Die Interessensgemeinschaft, die auch die Aktion „OHNE UNS – ist es dunkel und still“ ins Leben gerufen hat, zählt mittlerweile mehrere tausend Unterstützer.

Unser Uli hat Stiletto in einem Videointerview zu seiner Einschätzung der Lage in Österreich befragt. Das ganze Interview findet ihr auf unserem Youtube Kanal zum Nachhören.

Stiletto betont mehrfach, daß es in der Veranstaltungsbranche derzeit einen 100% igen Ausfall gibt, und Großveranstaltungen bis ins Jahr 2021 nicht stattfinden werden. Aufgrund der langen Vorlaufzeiten für Events (bis zu 12 Monate) ist eigentlich auf lange Zeit alles abgesagt. Die Stimmung in der Branche ist aus diesen Gründen natürlich schlecht.

Auch wenn die Gespräche mit Politik und Wirtschaftskammer momentan in die richtige Richtung gehen, kritisiert er die überbordende österreichische Bürokratie. Die ständigen Änderungen  bei Anträgen, die langsame Abwicklung, und der sehr langsame Geldfluß bei Fördermitteln sind das grösste Problem.
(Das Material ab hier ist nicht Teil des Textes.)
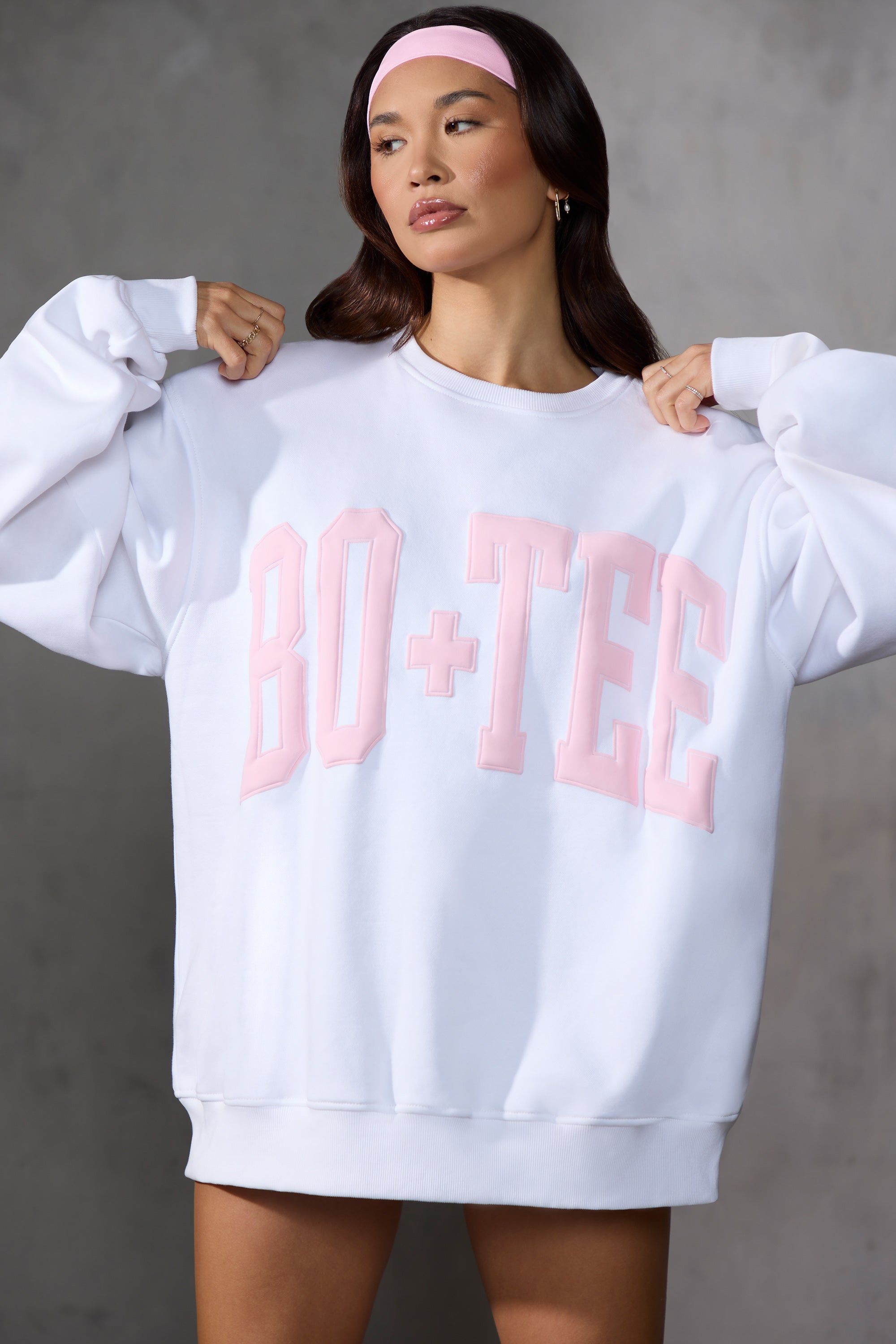New Staples - Oversized Sweatshirt in Baby Pink Print sold by Bo + Tee product image thumbnail 4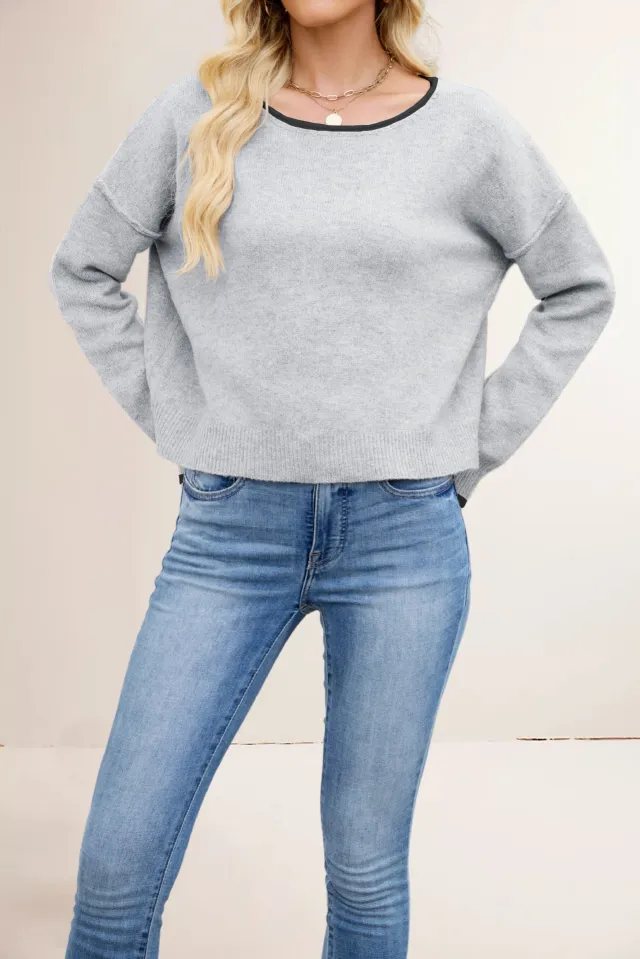 Round Neck Multicolor Knitwear Loose Sweater Multicolor - Shop at LoveMi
Als kleine Anektote wirft er das Beispiel des Tontechnikers ein, der in Österreich 24 verschiedene Gewerbescheine haben kann, und als Berufsvertretung in der Sparte Metall angesiedelt ist. „Tontechniker sind halt keine Eisenbieger„, so Stiletto, „und die Vertretung der Eisenbieger hat eben keine Ahnung von Tontechnik.“

Ein weiteres Problem sieht Stiletto in der mangelnden Organisation der Branche selbst. Bisher gab es in der Wirtschaftskammer keinen Vertreter der Branche, die aber immerhin 3,3 % des österreichischen Bruttoinlandsprodukts erwirtschaftet. Die Kammer war aber auch über die Größe der Branche (Die Veranstaltungswirtschaft macht mehr als 8,9 Milliarden Euro Umsatz) nicht informiert.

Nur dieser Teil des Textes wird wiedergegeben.